Top tips for a healthy credit report
Getting and maintaining a good credit report is key to looking after your finances, so we've put together these top tips and helpful video to help you along the way.
Register to vote
Appearing on the electoral register can help lenders verify your identity, so make sure that you’re registered under your current address. It’s an extremely easy way to improve your credit score, and also quick to do online via www.gov.uk/register-to-vote
Know your numbers
Credit cards can be a great way to build your credit score, especially if you have an otherwise thin file. But be careful, that doesn't mean maxing out your credit limit each month.

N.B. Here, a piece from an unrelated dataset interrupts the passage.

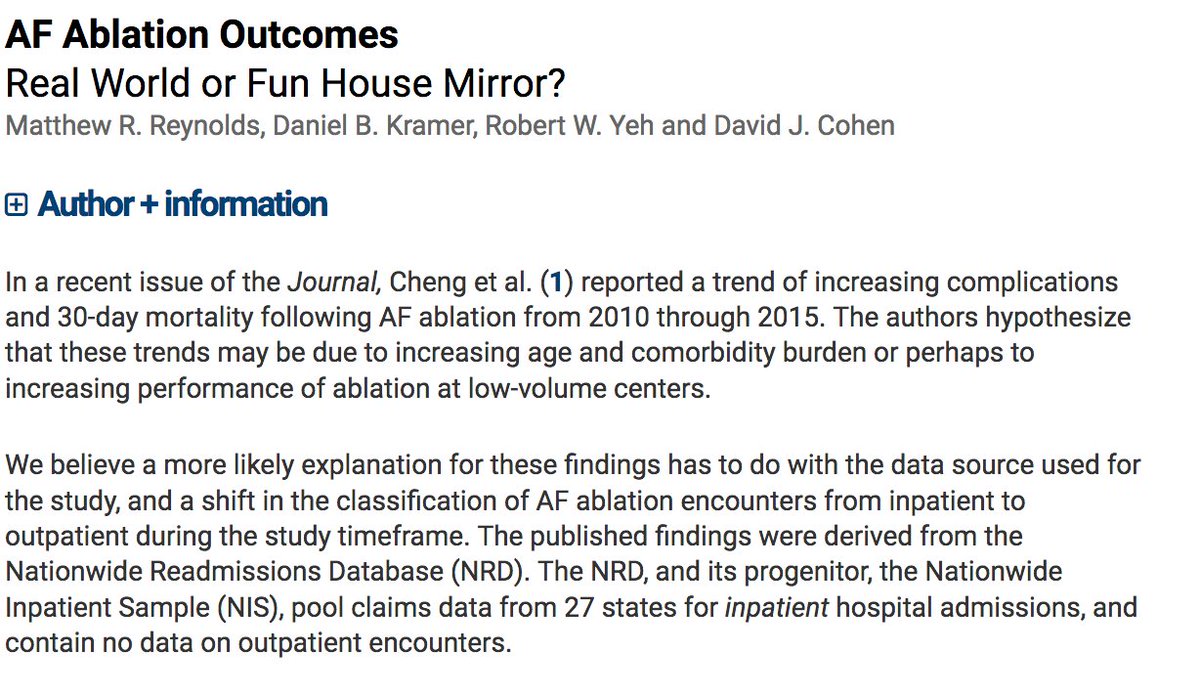 Robert W Yeh Md Mba Re Not Using An Inpatient Database To Understand The Epidemiology Of Procedures That Are Done As Outpatient It S Not Just For Pci Letter Re The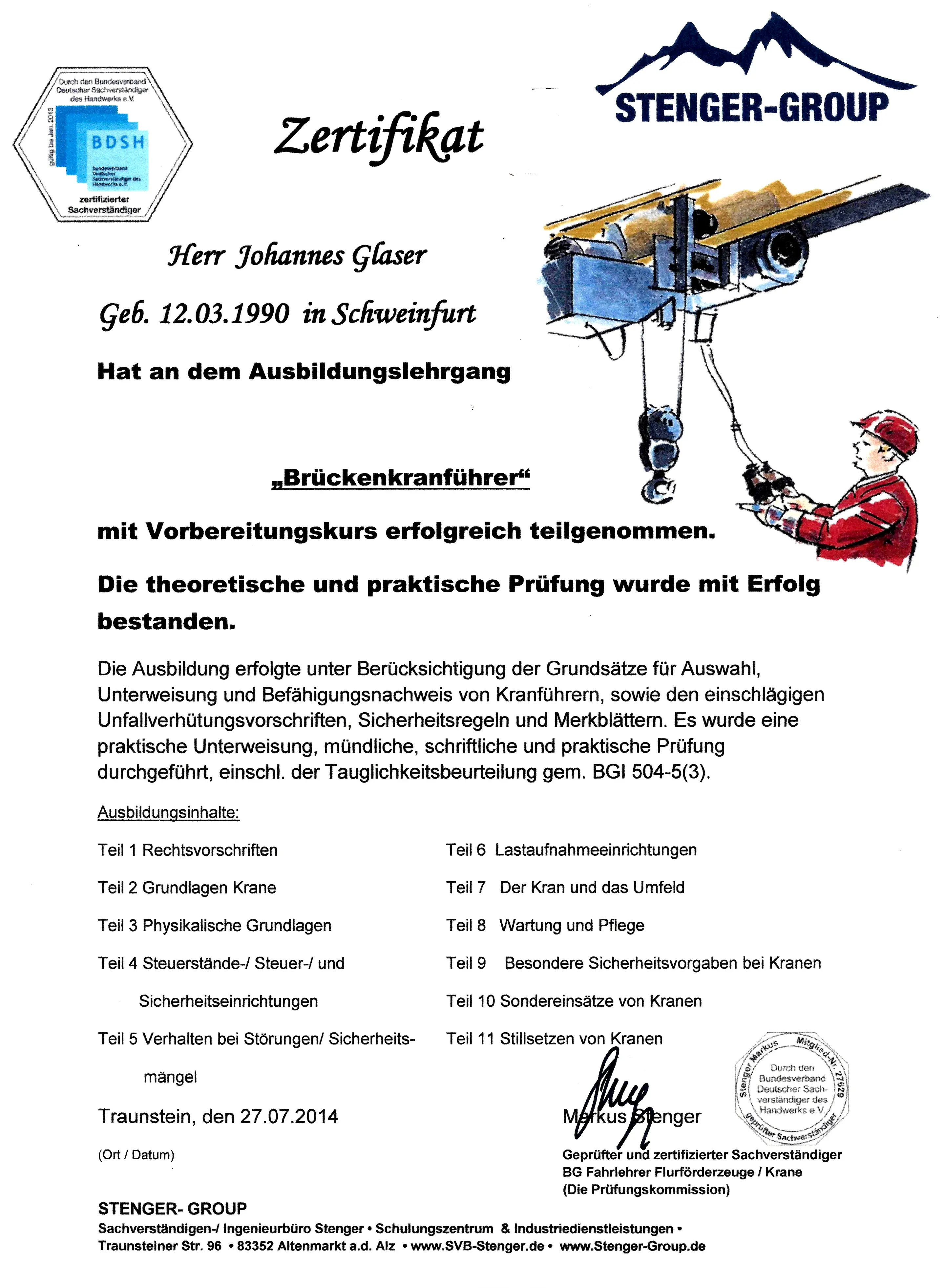 urkunde 7 2014 07 27 kranschein zertifikat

The optimum amount of revolving credit utilisation is around 10-30%, as it shows you can lend responsibly without getting carried away. In other words, if you have a £5,000 limit on a credit card, try not to charge more than £1,500 at any one time. The easiest way to do this is to either use your card for small purchases through the month eg petrol or the weekly food shop.
Paying it off straight away is a great way of getting the benefit of building your credit score without paying interest.
Play by the rules
As tempting as it might be to just cancel that direct debit for the gym or phone contract without going through the correct channels with your supplier, you could be making yourself vulnerable to complaints from the company. Missed payments markers could creep onto your credit report which can stay on there for up to 6 years as well as receiving a very big bill for outstanding payments. Always make sure you cancel with the supplier before you cancel your direct debit.
Sanity check closed accounts
Certain accounts, such as utilities, can take weeks to even themselves out once you’ve requested closure, which could lead to a missed payment. If you’re moving away then leave a forwarding address and to be safe, give the company a call back after a month or so just to double check there’s nothing left outstanding. A lot of utilities providers and councils also now have apps or online account trackers which make amending accounts a lot easier.
If you’ve ever been financially linked to someone that you no longer need to share an account with – whether that’s a friend, a housemate or an ex-partner – it may be a good idea de-link from them as soon as you can, or their financial behaviour may reflect badly on you. You can find financial disassociation instructions from the three major credit agencies, on the Equifax, Experian and TransUnion websites.
Update your logbook
When you're moving home, there's a lot to think about, but make sure you update all the relevant documents, including your vehicle's log book (as well as your driving licence). Failing to do so could mean you are receiving important communication to an old address and not being notified.
Underestimate the effect of a missed payment
A missed payment could stay on your credit report for at least six years, so make sure you pay all of your bills on time.
Be afraid to look
Checking your credit report does not negatively affect your score. In fact, it doesn’t affect it at all, no matter how many times you check it. So, sit back, relax and check away. It’s always better to be informed, so you know what you need to work on.
Forget your past
It’s not always easy to remember every address you’ve ever lived at, especially if you’ve moved around a lot. However, having a full, detailed record of your past addresses is absolutely vital for getting an excellent credit score. If you can’t remember all the address details, check the ‘delivery addresses’ section on your PayPal or Amazon accounts. If you can’t remember how long you lived somewhere, check your online banking for dates of first and last mortgage or rent payments.
Worry too much
Credit reporting is there to help everyone, from businesses to consumers. It’s not used to spy on you and information such as how often you’re looking at products on price comparison sites, your age and your salary is not available for all to see.